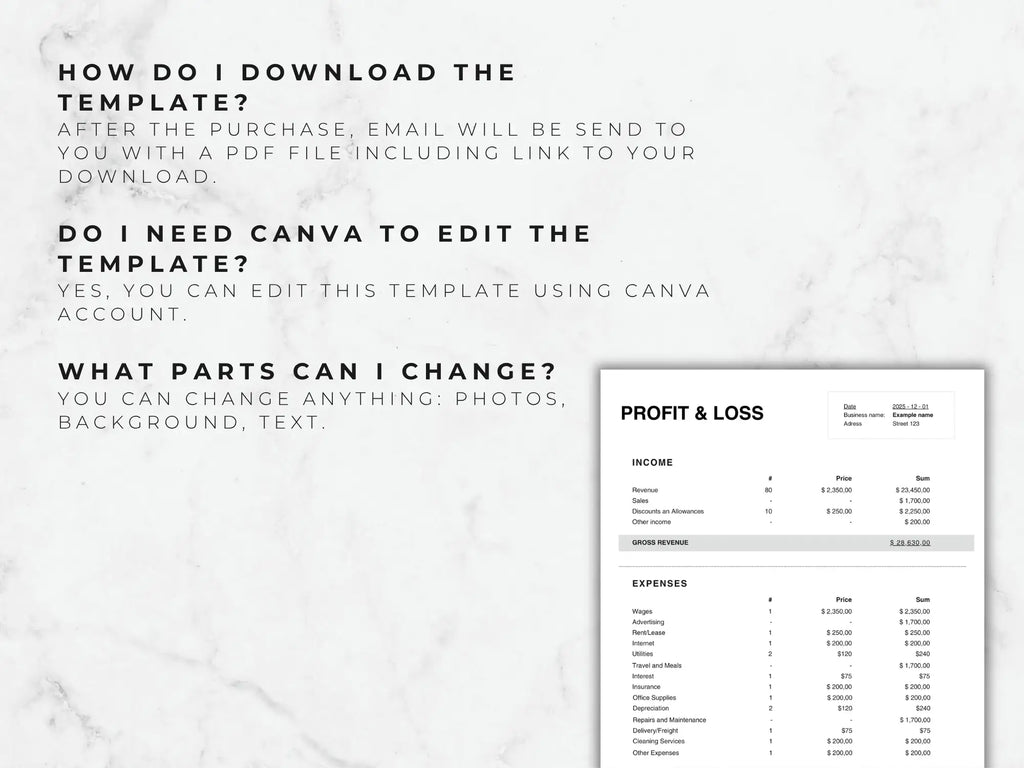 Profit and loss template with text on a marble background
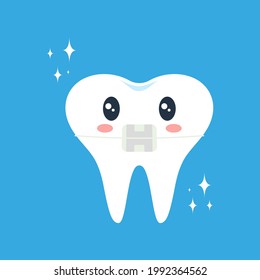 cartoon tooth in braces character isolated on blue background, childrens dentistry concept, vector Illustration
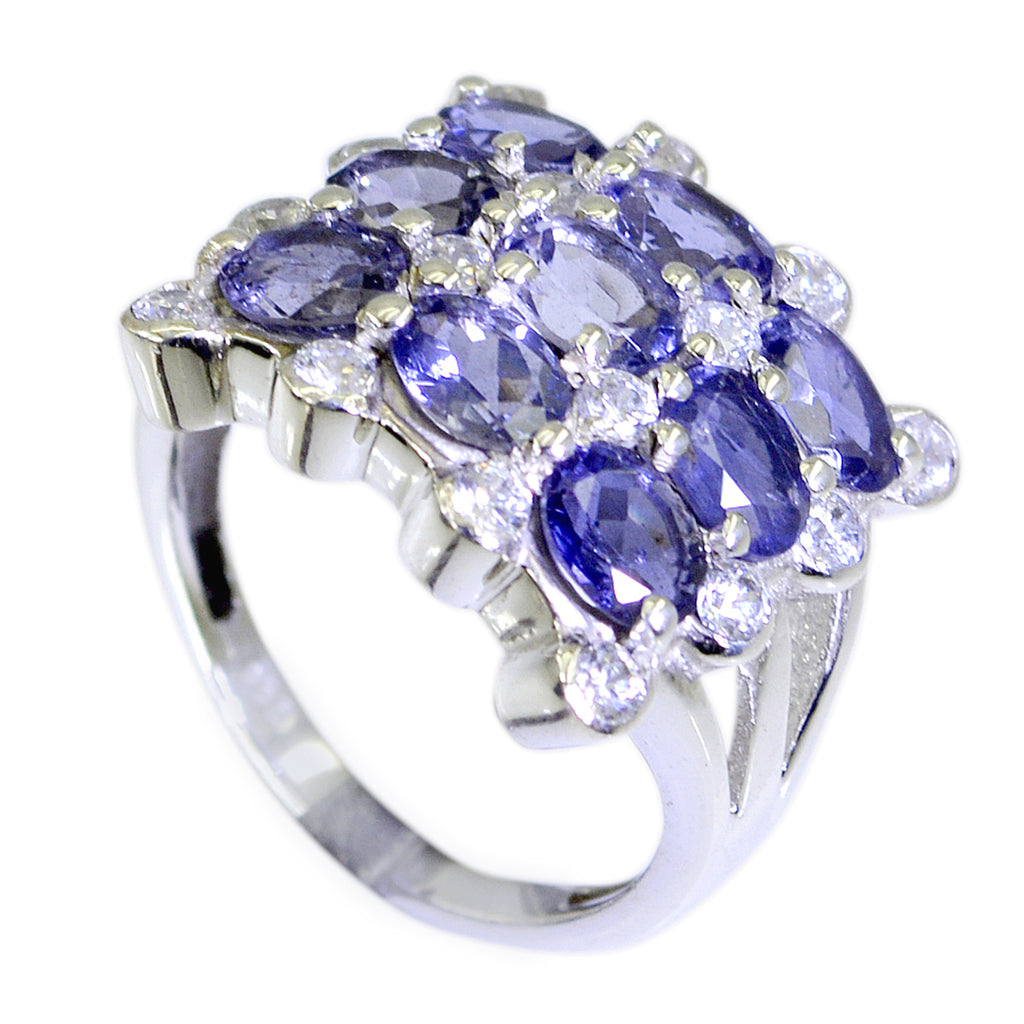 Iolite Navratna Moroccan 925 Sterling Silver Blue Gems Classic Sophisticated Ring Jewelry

_Work to complete_. When the listing is transcribed, every line must match the original exactly, and the pictures must be left out.

_Output for this task_.
 Profit and loss template with text on a marble background
 cartoon tooth in braces character isolated on blue background, childrens dentistry concept, vector Illustration
 Iolite Navratna Moroccan 925 Sterling Silver Blue Gems Classic Sophisticated Ring Jewelry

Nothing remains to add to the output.